L'aria che tira in questo terzo lavoro dei Rosavelt è chiara fin dal principio. Si capisce esattemente da dove provengono e dove con ogni probabilità vorrannno condurci nei prossimi quaranta minuti di The Story of Gasoline. L'immaginazione non è il loro forte, ma non è detto che tutto ciò sia una colpa, anzi la sorpresa è proprio constatare che il suono sporco, rigorosamente live e saturo di chitarre del disco non appartiene ad una banda di imberbi giovanotti di Cleveland, ma ad una formazione che con molte miglia nelle scarpe ha ancora voglia di accendere un amplificatore e vedere cosa succede.
Il rock'n'roll dei Rosavelt si tinge moderatamente di roots e ballate da Midwest americano, ma mantiene un cuore garage che la produzione di origine controllata di Don Dixon ha catturato in soli due giorni di sessione. Christopher Allen possiede quello sfacciato timbro vocale che infila le sue canzoni sulla direttrice dei Replacements, dei Soul Asylum meno edulcorati e di tutta la progenie di Minneapolis. Jesse Bryson fa da spalla con le sue sfuriate elettriche restando sempre sul pezzo.

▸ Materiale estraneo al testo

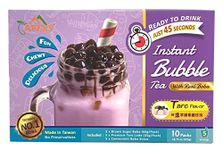 Bubble Tea COMPLETE SET. BEST DIY Boba/Bubble Tea Kit, Ready In 45 Seconds, 5 Packs Milk Tea Powder + 5 Packs Brown Sugar Tapioca Pearls+ 5 Bubble tea Straws By APEXY (Taro)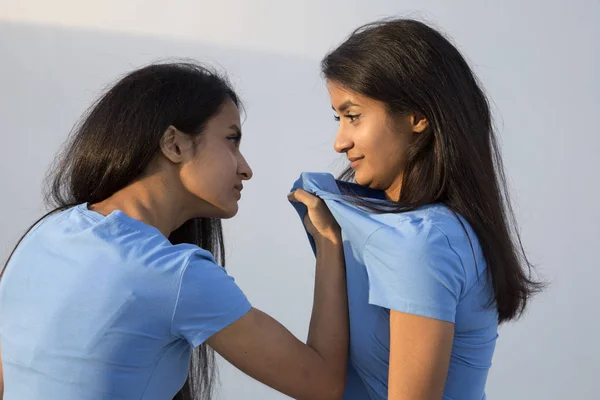 Beautiful offended twins — Stock Photo, Image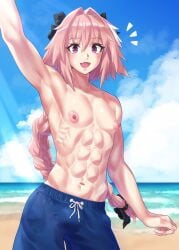 1boy 2022 abs ambush_(trap) arm_up armpits astolfo_(fate) beach bow braid bulge cloud eyebrows_visible_through_hair fangs fate/apocrypha fate/grand_order fate_(series) femboy hair_between_eyes hair_ribbon happy highlights highres long_hair long_ponytail looking_at_viewer male male_only matching_hair/eyes mizuumi_(bb) muscles muscular muscular_femboy muscular_male navel nipples ocean open_mouth outdoors pink_eyes pink_hair ponytail puffy_nipples ribbon sand single_braid sky smile solo sunlight swim_trunks swimwear tied_hair tongue topless very_long_hair water waving white_highlights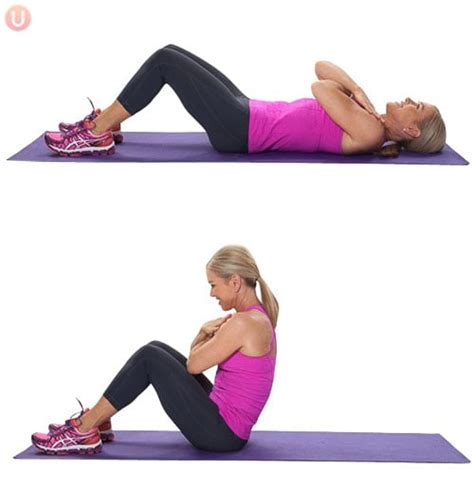 Female soldier doing sit-ups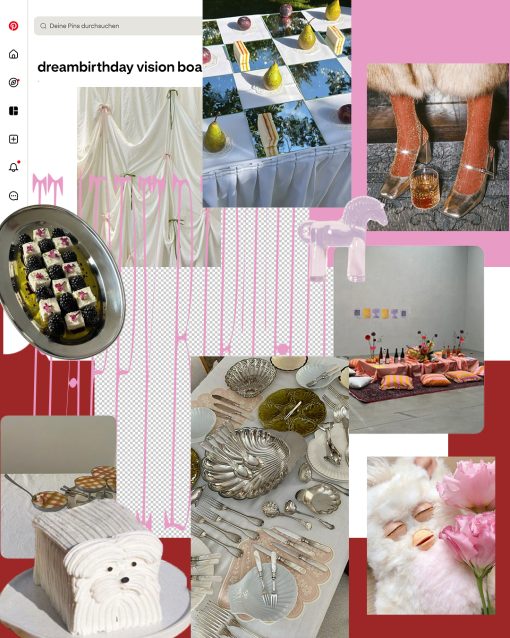Collage im Stil eines digitalen Moodboards mit dem Titel »dreambirthday vision board«; kombiniert Fotografien von verspiegeltem Schachbretttisch mit Birnen und Kuchenstücken, silbernem Tafelsilber, rosafarben gedecktem Bodentisch, Dessert mit Brombeeren und Blüten, plüschigem Objekt mit geschlossenen Augen, Glas-Pferdefigur sowie Detailaufnahme von goldenen Schuhen mit Glitzerstrümpfen und Getränk; Hintergrund in Weiß, Rosa und Rot mit transparenten Rasterflächen.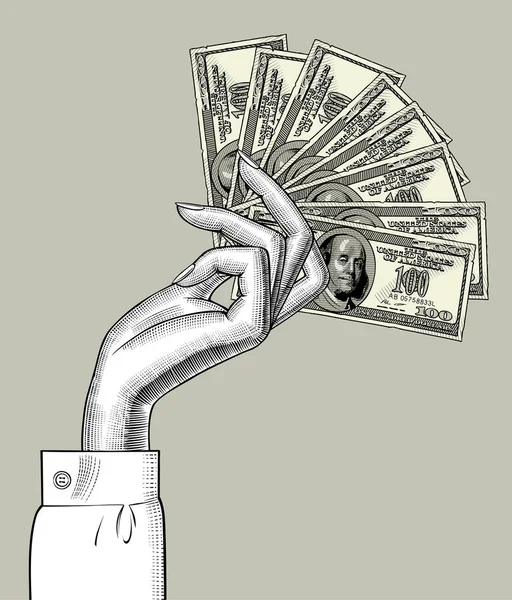 女人的手手掌向下与风扇100美元钞票 老式雕刻的程式化绘图 矢量插图 — 图库矢量图片
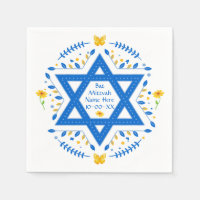 Pretty Personalised, Bat Mitzvah Napkins.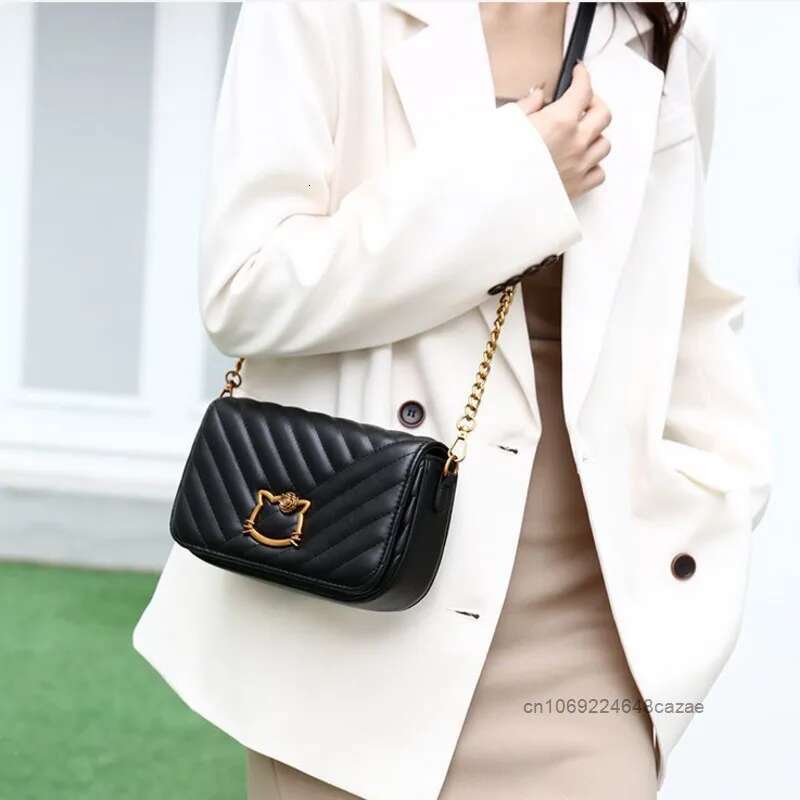 Kaiti Cat High quality Leather Women s Handbag Fashion Designer Crossbody Bag 2025 Simple Trend Multifunctional Chain Casual Wallet Storage Bag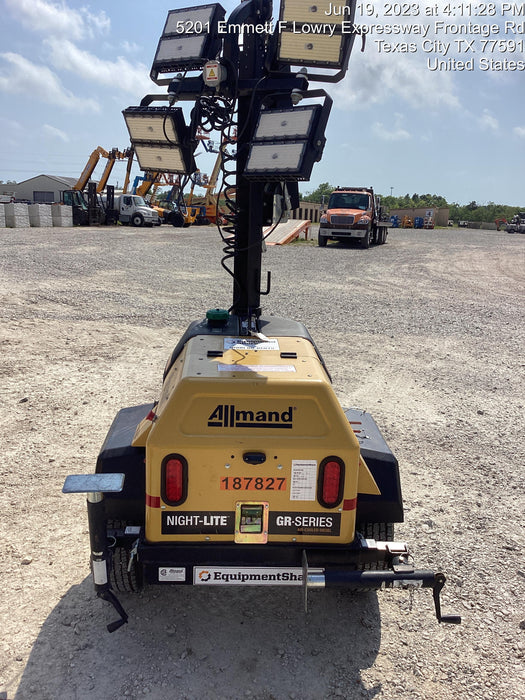 Allmand NLV3GR (4) LED Light Fixture 350W, 23' Vertical Mast, 3kW Prime, Towable, Deep Sea L401, Leveling Jacks, Yanmar T4F 5.8hp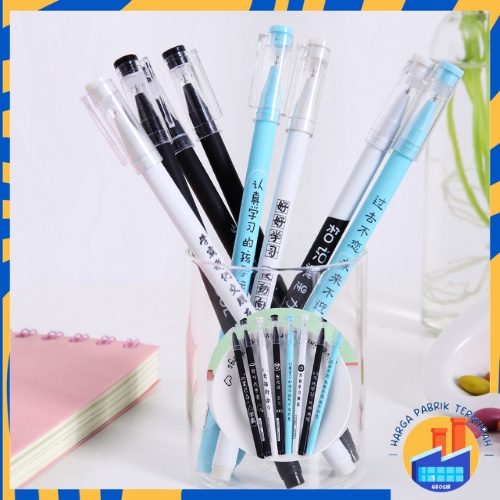 

HPT Pen Tinta Gel Mekanik Ujung Lancip Pena Gel 0.5mm Bolpoin Warna Hitam Pulpen Aksen Japanses Alat Tulis Kerja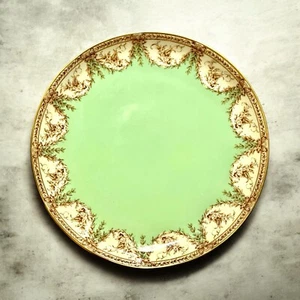 Early Royal Worcester 4551 Transferware Plate Green And Brown 9 inch - Picture 1 of 6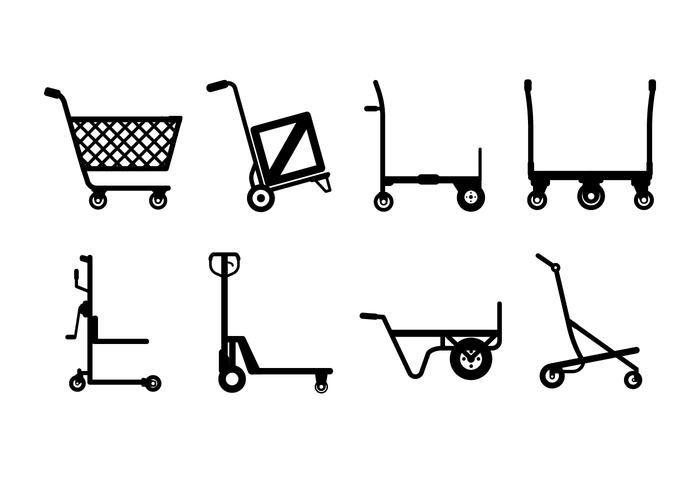 Hand trolley vector icons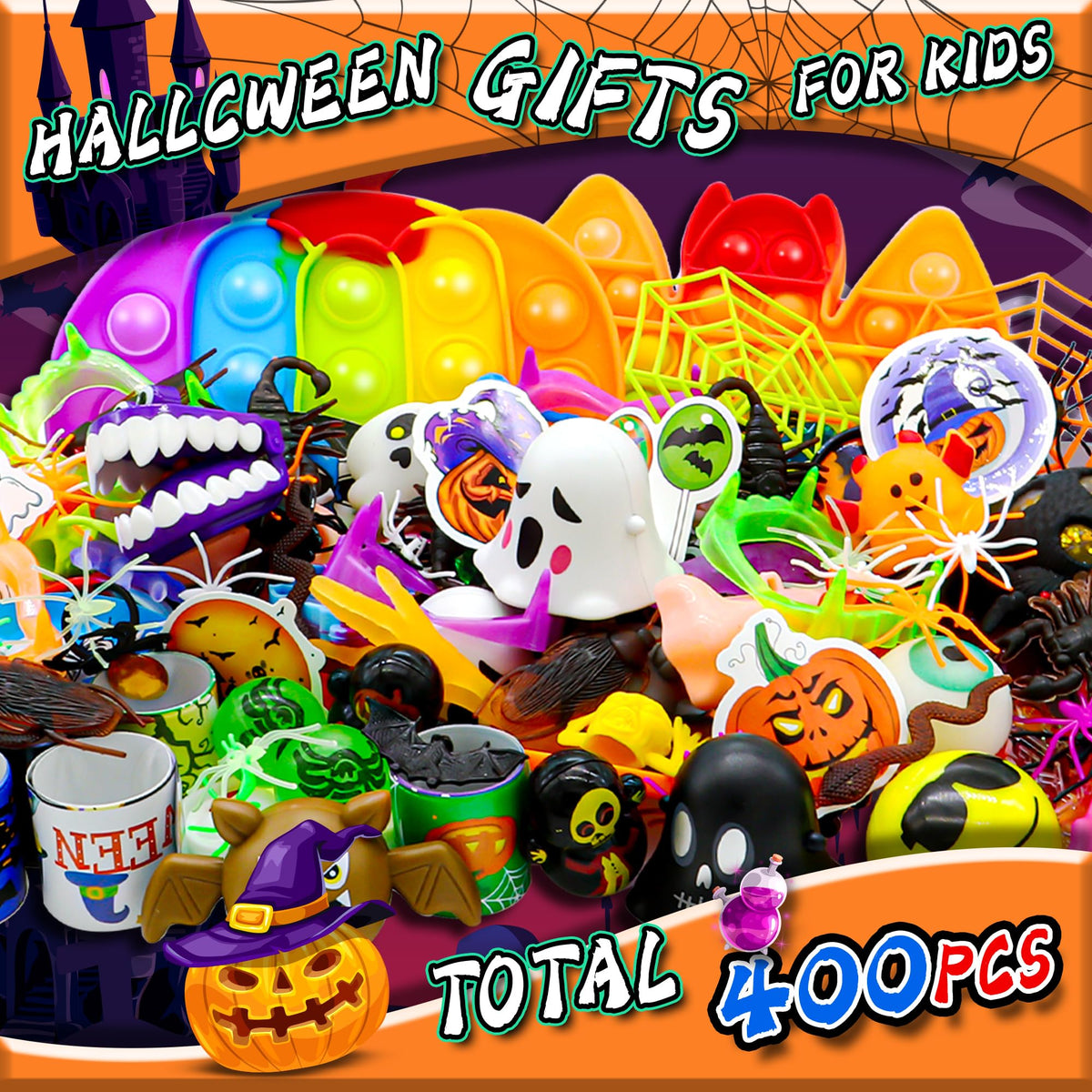 Olganicor 400PCS Halloween Party Favors for Kids, Halloween Treat Bag Fillers, Bulk Toys, Treasure Box Toys, Goodie Bag Stuffers, Carnival Prize Toy Classroom Reward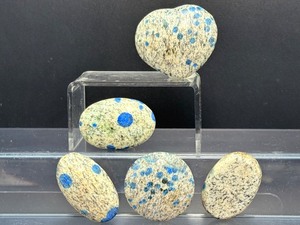Collection&nbspFive Premium Hand-Polished K2 Stone Specimens (Granite &amp Azurite)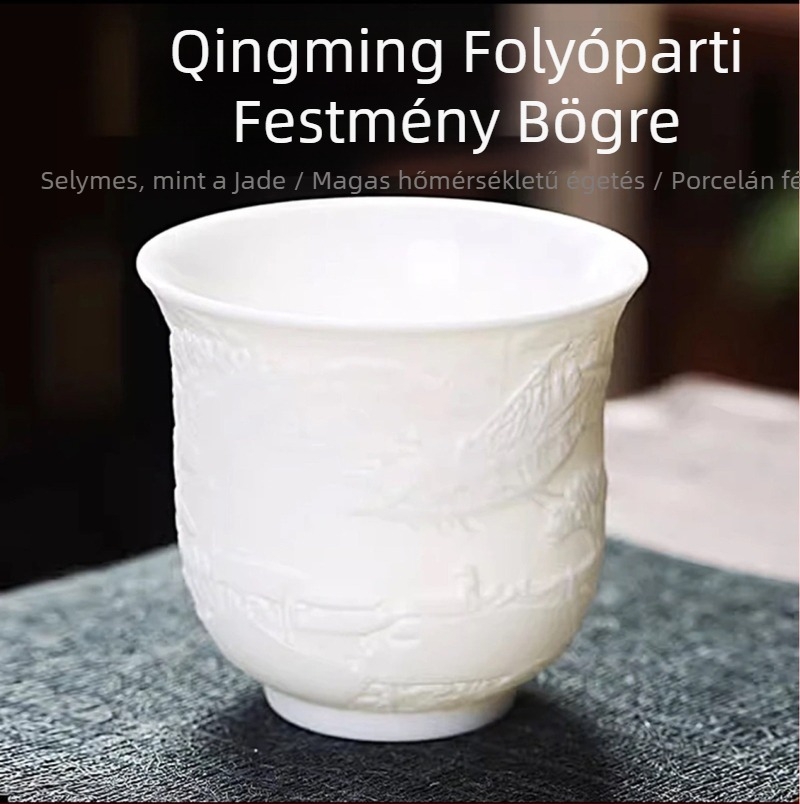Kínai stílusú teáscsésze krémfehér porcelánból, teakóstoláshoz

Così arrivano al bersaglio Gasoline e The Last Heartache, o le rasoiate di A Little Bit of Trouble. E' uno scherzo del tempo, sembra di essere catapultati in pieni anni ottanta, nella provincia americana del primo college-rock: ogni tanto affiorano profumi di Paisley Underground, salvo ritornare sui binari di un boogie rock squadrato e tagliato con l'accetta (Desperate for Cool). Il piatto forte della casa restano comunque quegli svarioni melodici che sempre sono piaciuti a gente come Dave Pirner e Paul Westerberg (Perfect Girl, Bright Blue Hell, Already Been to Hell), ora colorati di jingle jangle alla Tom Petty (Pointed Pistol), ora orgogliosamente ricoperti di una scintillante patina stradaiola (la strepitoso finale al cardiopalma di Broken Little Heart).
Innocenti questi Rosavelt, che fa piacere sapere discepoli pentiti dell'alternative-country: qualche addetto della stampa specializzata americana li ha più volte accostati ai primi acerbi Wilco di A.M., ma evidentemente minacciati dal pesante paragone si sono scrollati di dosso gli ultimi rimasugli acustici e country oriented (ancora rintracciabili in Sunday 3am Blue) per abbracciare la causa di un rock'n'roll ribelle e coinvolgente. Benvenuti.